According to the Associated Press, both the University of Nebraska and Army Corps of Engineers collaborated to crash a Rivian R1T into a guardrail at 60 mph for research purposes. The 7,100-pound truck obliterates the guardrail and vaults over the concrete median that followed. Although the test initially appears to show an head-on impact, which could be considered unlikely and unrealistic, footage later in the video clarifies that the pickup meets the guardrail at an oblique angle. The barrier used in the test was 31 inches high, made from 12-gauge corrugated steel, mounted on six-inch-deep steel posts.
It isn’t only Rivians, either. “The system was not made to handle vehicles greater than 5,000 pounds,” Cory Stolle, from the university’s Midwest Roadside Safety Facility, told the AP. Many EVs exceed that 5,000-pound weight limit, or are much heavier. The Army Corps of Engineers also crash-tested a Tesla into the guardrail and, rather than going through it, it went underneath and continued.
Many electric vehicle manufacturers tout the increased safety of EVs, thanks to their unique packaging without engines and transmissions getting in the way. However, that safety is internal. Researchers noted that the passenger compartment of the R1T in question was fine after the test, and its occupants would likely have walked away from the crash without serious injury. However, those passengers wouldn’t be as lucky if their electric pickup ripped through a guardrail at the edge of a cliff, and it goes without saying that anyone in another, lighter vehicle colliding with the Rivian would be at serious risk, too.
“So far, we don’t see good vehicle-to-guardrail compatibility with electric vehicles,” said Stolle.
It’s worth noting that EVs aren’t the only vehicles that crest the 5,000-pound mark. Any full-sized, heavy-duty pickup on the market will easily surpass 6,000 pounds, with some like the Ford F-350 and Silverado HD 2500 even exceeding 7,000 pounds. Even the Chevy Suburban, a fairly common vehicle for families, can tip the scales at over 6,000 pounds depending on its powertrain. But EVs are universally heavier than gas cars of equal dimensions thanks to their batteries, and many of them are already beyond the limit.

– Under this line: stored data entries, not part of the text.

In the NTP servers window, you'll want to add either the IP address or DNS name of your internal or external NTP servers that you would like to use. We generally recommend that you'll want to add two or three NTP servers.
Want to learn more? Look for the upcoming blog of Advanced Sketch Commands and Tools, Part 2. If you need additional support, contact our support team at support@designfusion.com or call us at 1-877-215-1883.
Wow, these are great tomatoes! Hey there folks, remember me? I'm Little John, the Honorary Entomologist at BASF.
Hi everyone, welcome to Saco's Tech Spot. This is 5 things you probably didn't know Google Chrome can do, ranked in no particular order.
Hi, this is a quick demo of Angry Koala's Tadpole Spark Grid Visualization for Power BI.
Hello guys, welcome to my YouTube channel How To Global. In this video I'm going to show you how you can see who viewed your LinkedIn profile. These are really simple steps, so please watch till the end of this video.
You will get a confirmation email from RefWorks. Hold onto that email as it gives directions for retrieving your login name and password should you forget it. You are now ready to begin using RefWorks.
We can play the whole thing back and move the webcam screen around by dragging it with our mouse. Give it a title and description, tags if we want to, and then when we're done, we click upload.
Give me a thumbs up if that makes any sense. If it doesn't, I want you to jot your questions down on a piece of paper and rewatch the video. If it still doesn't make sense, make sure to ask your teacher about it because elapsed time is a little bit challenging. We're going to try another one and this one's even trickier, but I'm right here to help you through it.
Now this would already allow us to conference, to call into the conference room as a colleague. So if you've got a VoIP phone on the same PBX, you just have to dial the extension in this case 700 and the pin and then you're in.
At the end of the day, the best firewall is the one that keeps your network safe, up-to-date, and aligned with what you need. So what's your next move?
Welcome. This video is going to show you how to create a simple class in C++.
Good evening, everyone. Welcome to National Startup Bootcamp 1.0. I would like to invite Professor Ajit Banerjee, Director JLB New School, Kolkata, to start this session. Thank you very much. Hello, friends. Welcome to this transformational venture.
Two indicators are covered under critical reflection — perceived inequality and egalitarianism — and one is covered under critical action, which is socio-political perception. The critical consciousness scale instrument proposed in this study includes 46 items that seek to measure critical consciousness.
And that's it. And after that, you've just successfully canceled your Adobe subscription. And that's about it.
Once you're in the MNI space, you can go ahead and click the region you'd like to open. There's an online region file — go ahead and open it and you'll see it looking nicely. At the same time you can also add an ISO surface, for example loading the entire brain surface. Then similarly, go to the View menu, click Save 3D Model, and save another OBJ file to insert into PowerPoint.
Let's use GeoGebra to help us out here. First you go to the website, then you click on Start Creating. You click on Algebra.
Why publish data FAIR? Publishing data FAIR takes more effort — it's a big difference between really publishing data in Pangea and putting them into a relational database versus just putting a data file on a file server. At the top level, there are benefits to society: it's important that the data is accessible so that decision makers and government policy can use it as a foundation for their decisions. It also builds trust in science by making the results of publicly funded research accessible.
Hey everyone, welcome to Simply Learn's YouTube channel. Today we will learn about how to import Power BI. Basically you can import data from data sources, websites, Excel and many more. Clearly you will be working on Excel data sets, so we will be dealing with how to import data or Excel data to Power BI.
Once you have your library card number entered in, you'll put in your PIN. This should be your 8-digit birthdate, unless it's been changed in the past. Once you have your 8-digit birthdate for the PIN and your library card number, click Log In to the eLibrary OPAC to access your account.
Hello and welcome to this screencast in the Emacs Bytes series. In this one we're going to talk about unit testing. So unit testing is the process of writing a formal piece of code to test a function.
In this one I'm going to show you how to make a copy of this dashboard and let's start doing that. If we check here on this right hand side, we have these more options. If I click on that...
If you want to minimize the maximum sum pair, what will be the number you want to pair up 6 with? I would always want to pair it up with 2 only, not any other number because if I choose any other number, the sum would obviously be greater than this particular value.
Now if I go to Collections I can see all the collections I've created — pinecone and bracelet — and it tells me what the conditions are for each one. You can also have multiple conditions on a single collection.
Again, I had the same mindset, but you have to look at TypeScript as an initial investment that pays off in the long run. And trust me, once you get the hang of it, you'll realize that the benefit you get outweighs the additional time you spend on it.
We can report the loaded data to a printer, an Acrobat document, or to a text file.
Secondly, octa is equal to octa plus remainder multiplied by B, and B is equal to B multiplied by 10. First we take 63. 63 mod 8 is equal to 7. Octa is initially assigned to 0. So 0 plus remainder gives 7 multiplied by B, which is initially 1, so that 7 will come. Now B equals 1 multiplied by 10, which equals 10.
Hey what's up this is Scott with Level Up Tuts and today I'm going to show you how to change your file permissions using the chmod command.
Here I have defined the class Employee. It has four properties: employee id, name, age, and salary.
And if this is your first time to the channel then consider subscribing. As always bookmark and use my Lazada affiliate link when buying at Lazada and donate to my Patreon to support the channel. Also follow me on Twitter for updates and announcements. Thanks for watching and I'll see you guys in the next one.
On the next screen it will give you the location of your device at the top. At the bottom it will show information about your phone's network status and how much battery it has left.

Thankfully, guardrails changed before to adapt to rising vehicle weights, and they can change again. While Stolle isn’t certain what types of materials or construction will be needed, suggesting the potential need for more concrete barriers, this is a problem the country has solved before. “We need to know as much as we can now because it takes time to design new systems, evaluate them, and confirm those results with full-scale crash testing,” Stolle told Nebraska Today.
In the meantime, though, owners of EVs and heavy trucks need to know that guardrails won’t always keep them on the road in the event of a crash. If it were me, I wouldn’t do much canyon mobbing in a Rivian R1T or Tesla Cybertruck anytime soon.